Furthermore, when assessing the access to justice for the women in Pakistan the discussion cannot remain confined to access to the courts or tribunals that adjudicate or mediate. According to the UNDP definition “Access to justice entails much more than improving an individual’s access to courts or guaranteeing legal representation. It must be defined in terms of ensuring that legal and judicial outcomes are just and equitable.”18
Although the UNDP does expand the scope of the concept, it still remains too narrow an interpretation, although a very important component of access to justice. Access to justice has to be defined broadly to look beyond just the formal legal system and towards the non-state actors, those working outside the realm of the legal system that are also given the authority and called upon in most cases to be the bestowers of justice by the community, especially in the context of violence against women in Pakistan. The informal system of local tribunals guided by local and customary law are increasingly being approached by those disappointed by the formal system, to settle a variety of disputes, including women rights issues, and, therefore, cannot be ignored for the purposes of this paper.
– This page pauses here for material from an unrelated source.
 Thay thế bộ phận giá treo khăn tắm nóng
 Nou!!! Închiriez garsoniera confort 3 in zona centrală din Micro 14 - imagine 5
The aim is to examine the various routes a victim of honour related violence might take to seek justice, so as to assess where the impediments within the available systems lie and what hurdles face women victims in particular. This study looks at the procedures, the formal laws, judicial pronouncements and the cultural rules that deal with such acts of violence, to highlight how the societal concept of women and their acceptable role in society has influenced the development of these institutions, both formal and informal, and the rules that govern them, particularly when dealing with honour related crimes.